Government has contracted a 60 million dollar World Bank facility to assist households throughout Ghana to build their own latrines, as a measure to reduce open defecation in communities.
The loan, which is under the Community Led Total Sanitation (CLTS) programme, would encourage individual households to build their own latrines while the bank later pays back the cost, Mr. Edwin Nii Lantey Vanderpuye, Deputy Minister of Local Government and Rural Development announced at Funsi in the Wa East District.
Mr. Vanderpuye announced this at Funsi. He is touring communities and meeting with traditional rulers and other stakeholders as part of preparation for the eighth edition of the National Sanitation Day exercise in the Upper region which comes on July 4.

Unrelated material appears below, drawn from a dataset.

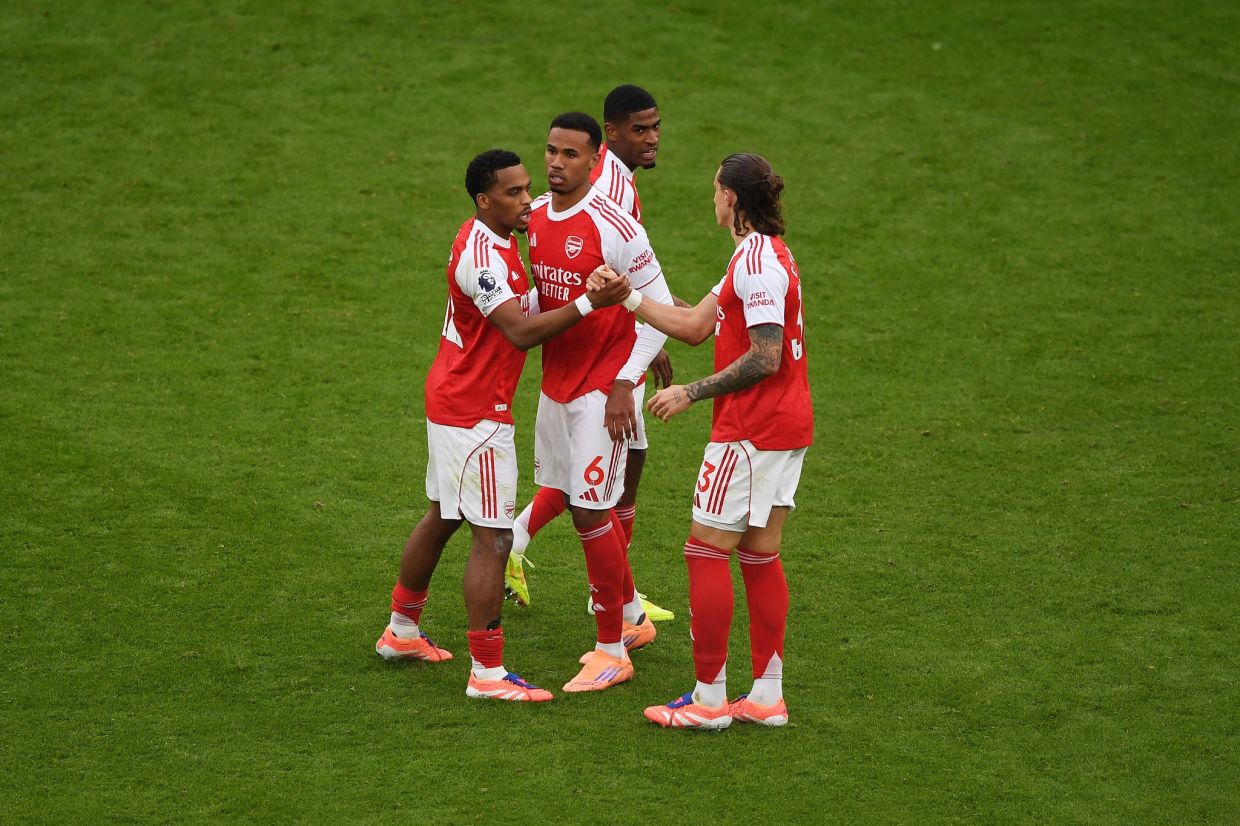 LONDON, ENGLAND - OCTOBER 26: Jurrien Timber, Gabriel Magalhaes, Cristhian Mosquera and Riccardo Calafiori of Arsenal interact during the Premier League match between Arsenal and Crystal Palace at Emirates Stadium on October 26, 2025 in London, England. (Photo by Alex Burstow/Arsenal FC via Getty Images)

He said the Local Government Ministry was preparing a bill, which parliament would pass into law to make open defecation an offence and punishable.
He said the disbursement of the loan would be done through the metropolitan, municipal and district assemblies with emphasis on the three regions in the north, Brong-Ahafo and Volta Regions, where open defecation was a challenge.
According to Mr. Vanderpuye, households were required to obtain permits from the district assemblies’ environmental units and the Environmental Protection Agency to benefit from the facility.
The Deputy Minister announced Fidelity Bank would also sponsor the construction of a 20,000 household latrines throughout Ghana while one million waste bins would be distributed to institutions and individuals to manage waste.
Mr. Caesar Kale, a Presidential Staffer and some official from the Local Government Ministry are accompanying the Deputy Minister on his tour.